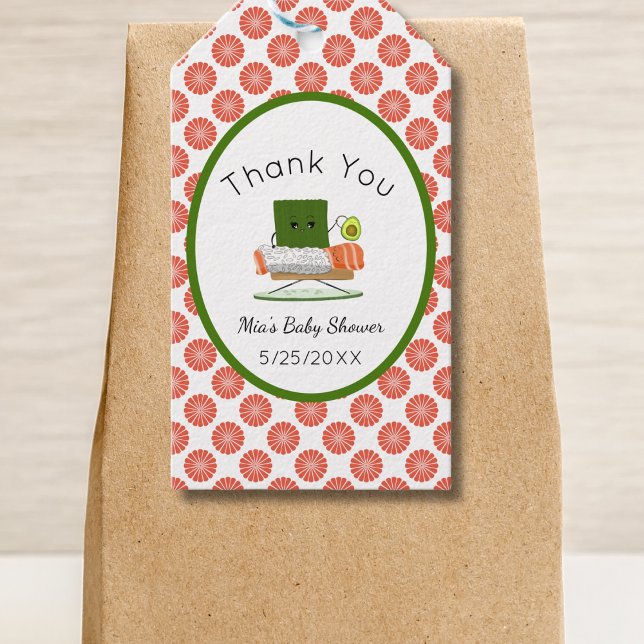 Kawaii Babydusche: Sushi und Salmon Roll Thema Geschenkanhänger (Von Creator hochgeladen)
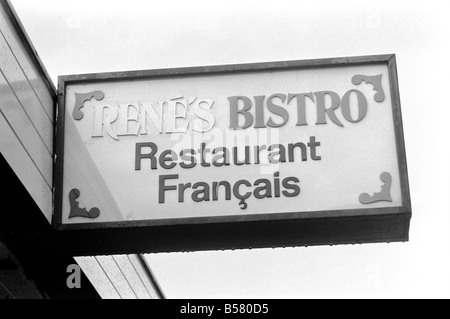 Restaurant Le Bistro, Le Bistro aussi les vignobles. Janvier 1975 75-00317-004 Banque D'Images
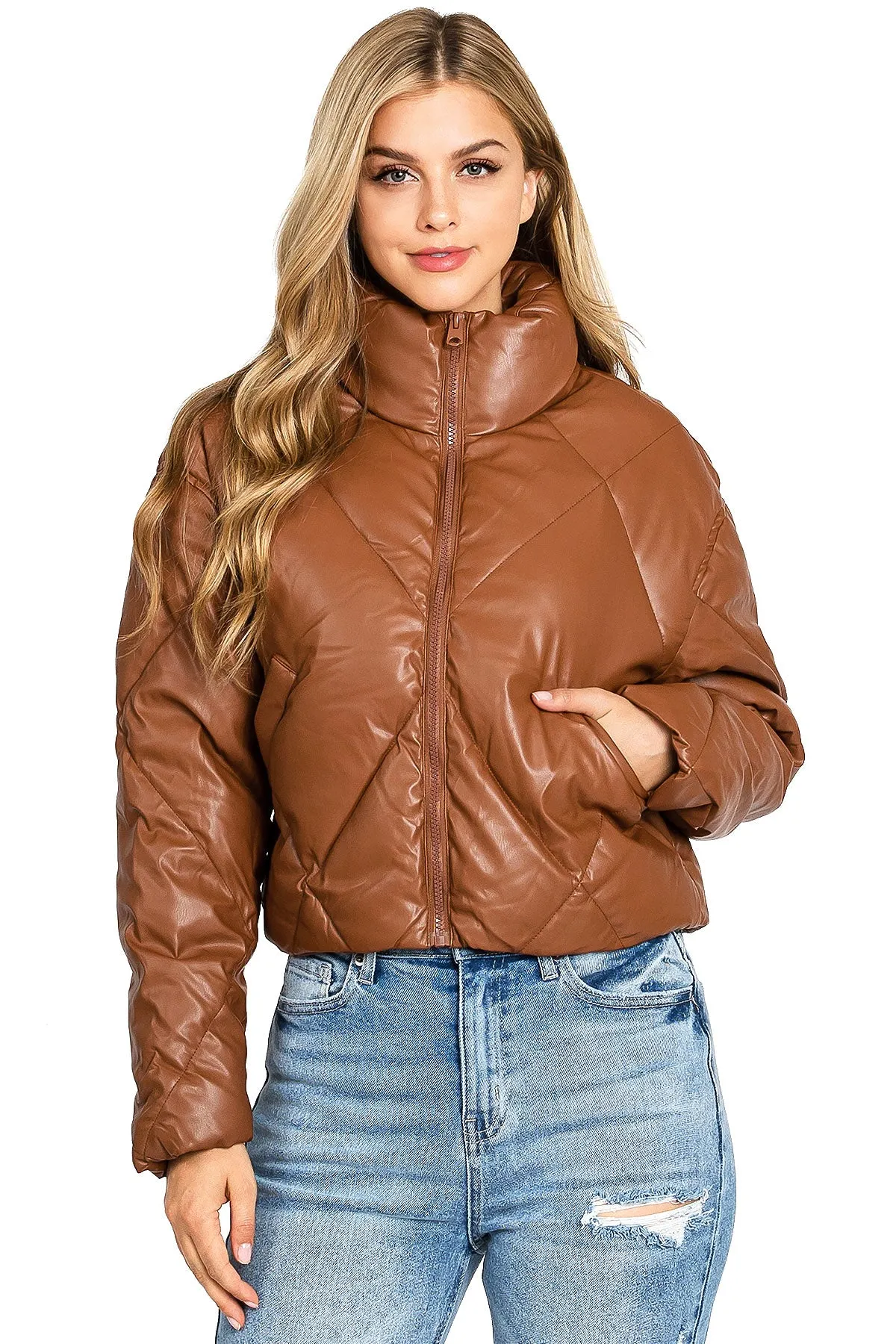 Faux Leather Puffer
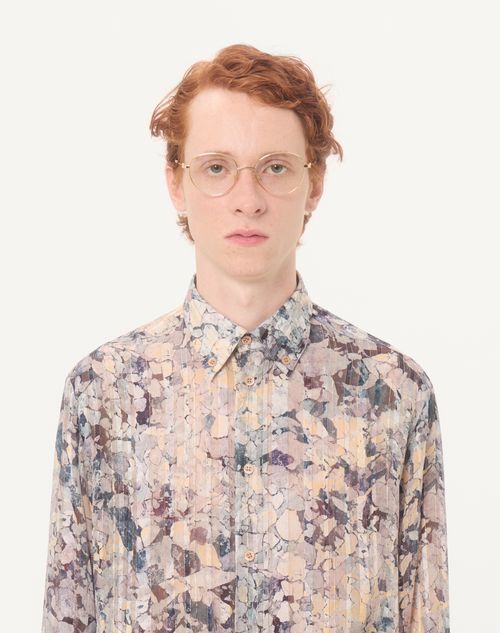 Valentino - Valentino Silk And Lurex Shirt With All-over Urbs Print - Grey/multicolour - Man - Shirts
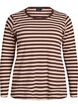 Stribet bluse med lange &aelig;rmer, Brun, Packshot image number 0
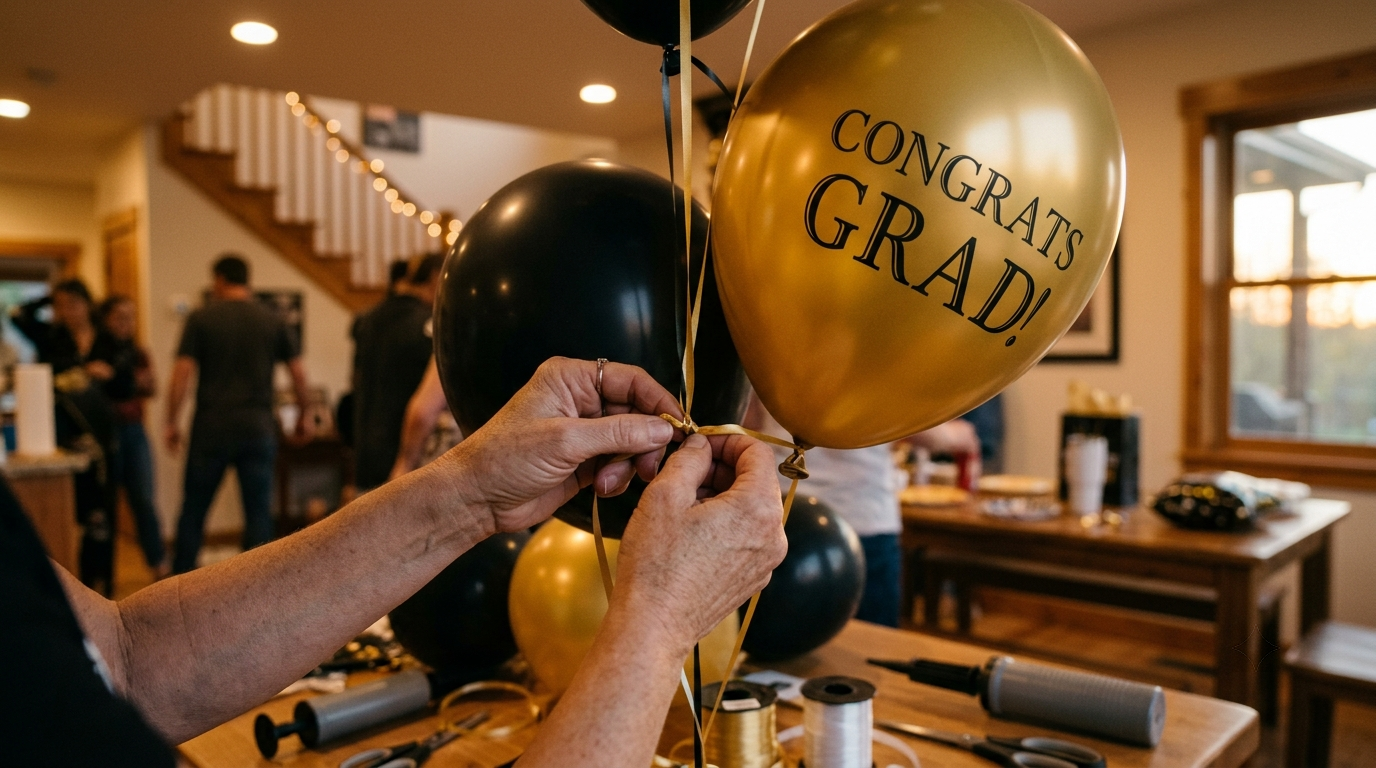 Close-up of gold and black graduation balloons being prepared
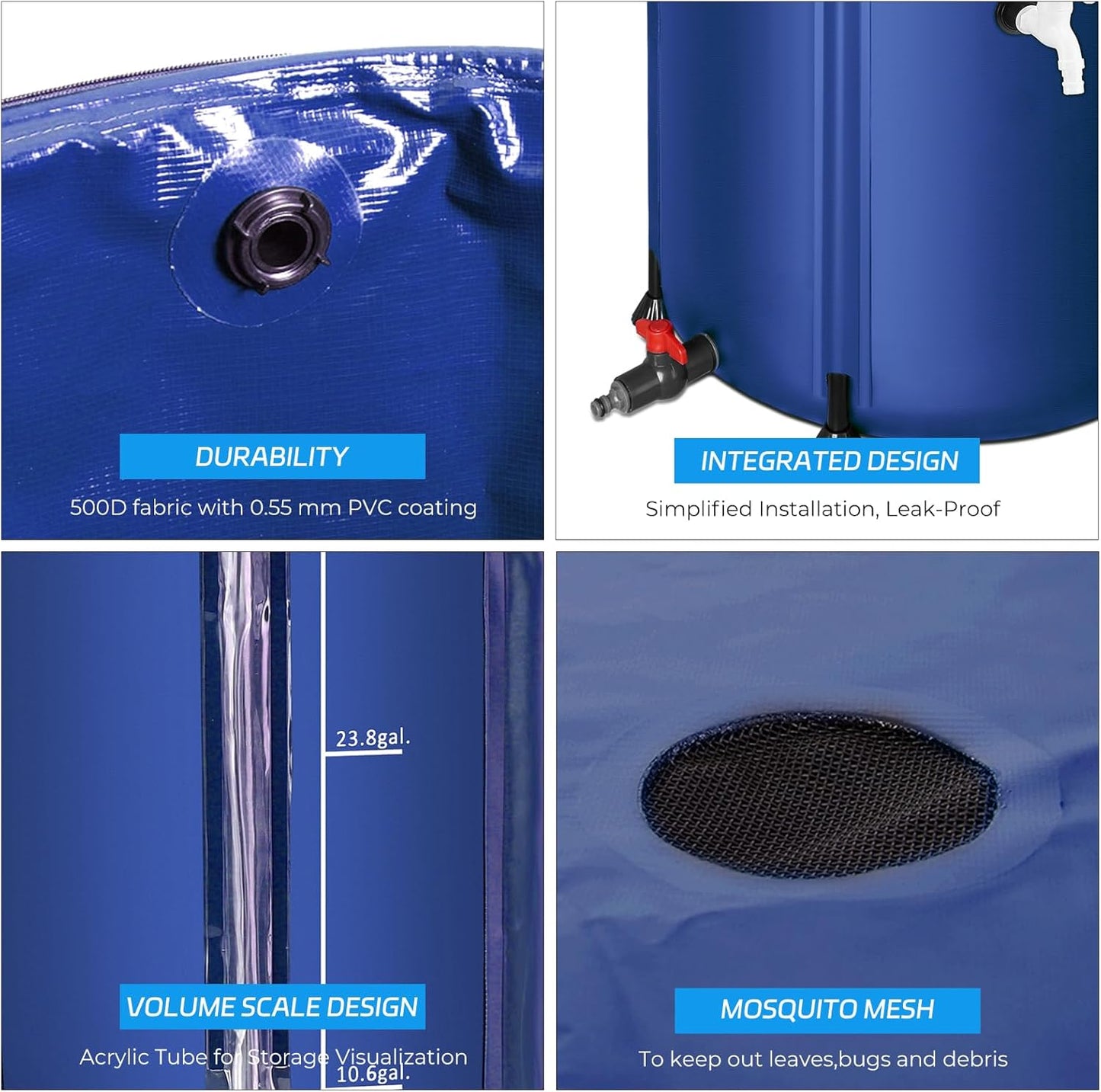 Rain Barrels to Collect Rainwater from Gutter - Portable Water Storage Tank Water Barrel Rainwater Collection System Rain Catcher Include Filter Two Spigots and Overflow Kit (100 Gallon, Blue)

-=-=-

Exercise description: Transcribe, from the records above, the first line and every line after it up to and including the line with "Close-up of gold"; omit pictures.

Answer to the problem:
 Kawaii Babydusche: Sushi und Salmon Roll Thema Geschenkanhänger (Von Creator hochgeladen)
 Restaurant Le Bistro, Le Bistro aussi les vignobles. Janvier 1975 75-00317-004 Banque D'Images
 Faux Leather Puffer
 Valentino - Valentino Silk And Lurex Shirt With All-over Urbs Print - Grey/multicolour - Man - Shirts
 Stribet bluse med lange &aelig;rmer, Brun, Packshot image number 0
 Close-up of gold and black graduation balloons being prepared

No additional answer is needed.